> _Problem_
No line before the one holding "รื่นฤดี ลำลูกกาคลอง 4" is to be copied; that line and all after it, through the end of the listing, are returned exactly, minus pictures.

> _Exercise data_
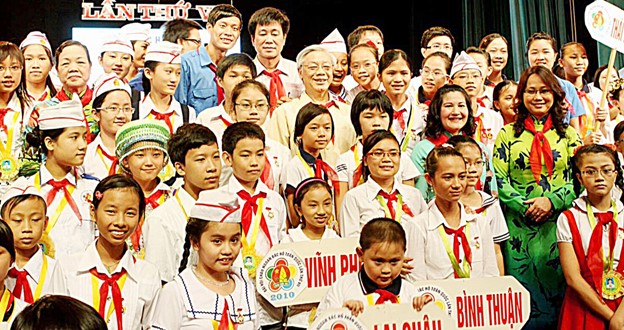 Vietnamese Party General Secretary Nguyen Phu Trong poses for a photo with Vietnamese children in 2010.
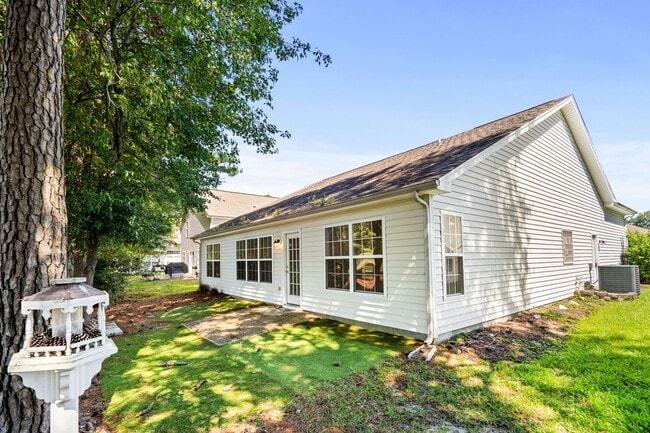 Building Photo - 4 Bed / 2 Bath Single Family Home for Rent in Arrowhead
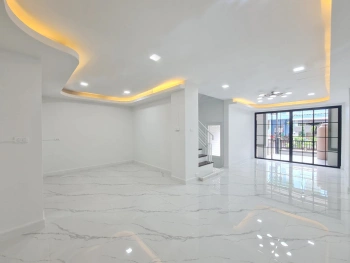 รื่นฤดี ลำลูกกาคลอง 4 ทำเลสุดปัง เชื่อมต่อรังสิต-ลำลูกกา ใกล้มาร์เก็ตวิลเลจ และมอเตอร์เวย์ เดินทางสะดวกสุดๆ ทาวน์เฮ้าส์สวยพร้อมอยู่ 3 ห้องนอน 2 ห้องน้ำ รีโนเวทใหม่สไตล์โมเดิร์น คุ้มค่าที่สุดในย่านคลอง 4 เพียง 2,290,000 บาท! จองก่อนมีสิทธิ์ก่อน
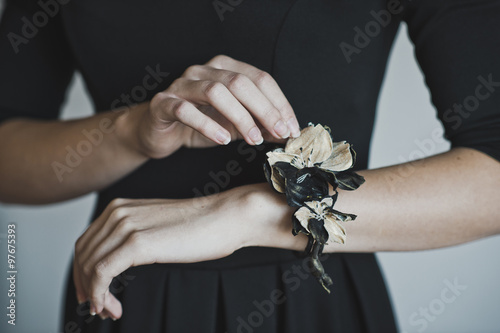 The corsage on the girls hand 4469. Fototapet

> _Answer section_
 รื่นฤดี ลำลูกกาคลอง 4 ทำเลสุดปัง เชื่อมต่อรังสิต-ลำลูกกา ใกล้มาร์เก็ตวิลเลจ และมอเตอร์เวย์ เดินทางสะดวกสุดๆ ทาวน์เฮ้าส์สวยพร้อมอยู่ 3 ห้องนอน 2 ห้องน้ำ รีโนเวทใหม่สไตล์โมเดิร์น คุ้มค่าที่สุดในย่านคลอง 4 เพียง 2,290,000 บาท! จองก่อนมีสิทธิ์ก่อน
 The corsage on the girls hand 4469. Fototapet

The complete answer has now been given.